The NFL Scouting Combine was in full swing Wednesday with quarterbacks, tight ends and wide receivers addressing the media. Here's a few notes on what they had to say.
-- Matt Corral said he is "100%" after coming off an ankle injury he sustained in the Sugar Bowl, but he is still playing it safe and not throwing during the Combine. Instead, he will wait until his Pro Day to display his game, which he said he tries to model after Aaron Rodgers. "Just watching the guy play and making it look effortless from the arm angles, from him making the throw from any platform, any angles. That is definitely a guy I want to emulate my game after, for sure."
-- Liberty quarterback Malik Willis impressed many during his media availability.

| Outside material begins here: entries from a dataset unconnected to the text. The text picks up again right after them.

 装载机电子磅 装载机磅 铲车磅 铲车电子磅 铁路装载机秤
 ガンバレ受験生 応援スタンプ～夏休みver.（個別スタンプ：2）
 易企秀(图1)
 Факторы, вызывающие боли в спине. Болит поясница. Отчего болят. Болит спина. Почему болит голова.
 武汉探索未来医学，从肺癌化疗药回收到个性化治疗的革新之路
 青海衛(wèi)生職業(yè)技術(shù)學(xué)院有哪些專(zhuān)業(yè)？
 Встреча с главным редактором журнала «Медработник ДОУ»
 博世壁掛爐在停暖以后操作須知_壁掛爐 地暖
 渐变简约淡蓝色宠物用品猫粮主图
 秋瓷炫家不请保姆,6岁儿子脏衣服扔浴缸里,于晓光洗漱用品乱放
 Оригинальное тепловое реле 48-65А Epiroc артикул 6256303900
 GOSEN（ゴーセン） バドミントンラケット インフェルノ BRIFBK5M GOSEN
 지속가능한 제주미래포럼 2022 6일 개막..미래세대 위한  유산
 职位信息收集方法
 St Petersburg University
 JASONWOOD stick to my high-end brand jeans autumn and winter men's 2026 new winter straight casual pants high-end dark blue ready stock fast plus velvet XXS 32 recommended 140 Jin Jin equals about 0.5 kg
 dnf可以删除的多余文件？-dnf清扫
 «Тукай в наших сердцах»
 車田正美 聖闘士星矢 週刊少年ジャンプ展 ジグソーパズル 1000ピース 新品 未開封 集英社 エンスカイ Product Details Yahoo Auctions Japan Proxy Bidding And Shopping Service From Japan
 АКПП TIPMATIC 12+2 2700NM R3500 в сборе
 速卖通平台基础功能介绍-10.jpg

Most players like to set lofty goals for their rookie seasons, but Willis is not taking that approach. Instead, he's electing to take things slow and focus on learning the ins and outs of the professional game. "All these people that think, 'I'm finna go in here and be rookie of the year; I'm finna go in here and do this and that.' Man, you never played an NFL game. You sound, like, crazy."
-- A lot has been made about Kenny Pickett's hand size, which according to NFL.com has not been officially measured yet. Perhaps some consider that an issue, but Pickett does not, although he is working on some hand exercises to widen his grip. Whatever it measures, Pickett said, it measures. "I'm sure that won't be the end of it, but that'll be the last measurement I'm sure I'll take of it."
-- Desmond Ridder said he had already met with "several" teams before he took the podium. He said he feels his skillset is a blend of Deshaun Watson and Ryan Tannehill, adding that he sees similarities in Tannehill's leadership and ability to extend plays. He's certainly confident in himself and believes he's "the most ready, mentally and athletically" among his fellow quarterbacks.
-- Nevada quarterback Carson Strong said he wasn't fully healthy last season and came back to play in half the suggested amount of recovery time. That alone is impressive, but then he casually threw out that he had 4,000 yards last season. He's recovered now, and he believes his performance at the Senior Bowl showed that he can extend plays and learn a new system.
-- Bailey Zappe threw for more yards and touchdowns than anyone in college football last season while playing in Western Kentucky's air-raid system. After four years of playing at Houston Baptist, Zappe transferred to WKU and set single-season FBS records. Said Zappe: "It's the best decision I've ever made, going to Western Kentucky." That seems like an accurate assessment.
-- Prospects get asked a lot of outlandish questions during interviews with teams. Not many of them get asked to play basketball. That's what happened to Sam Howell with the Philadelphia Eagles, who asked him to play some mini hoop. Naturally, that leads to the question of how many shots he made. Howell had an answer for that as well: he was 2-of-5 in the session.
-- There will be several impressive receivers going through drills this week, but USC's Drake London won't be one of them, as he said he will only be available for the interview portion of the Combine. London doesn't need to do too much to show he's one of the best wideouts this year. He led the Pac-12 in several categories last year, despite missing a chunk of the season, including yards, catches and missed tackles.
-- Most people know Colorado State's Trey McBride for his ability as a receiver. They should; he had 90 receptions for more than 1,100 yards in 2021. But he wants to let people know that he's got some ability as a blocker as well. "I think I'm a tough and physical guy. I think I'm a tremendous run-blocker, a guy who can do it all."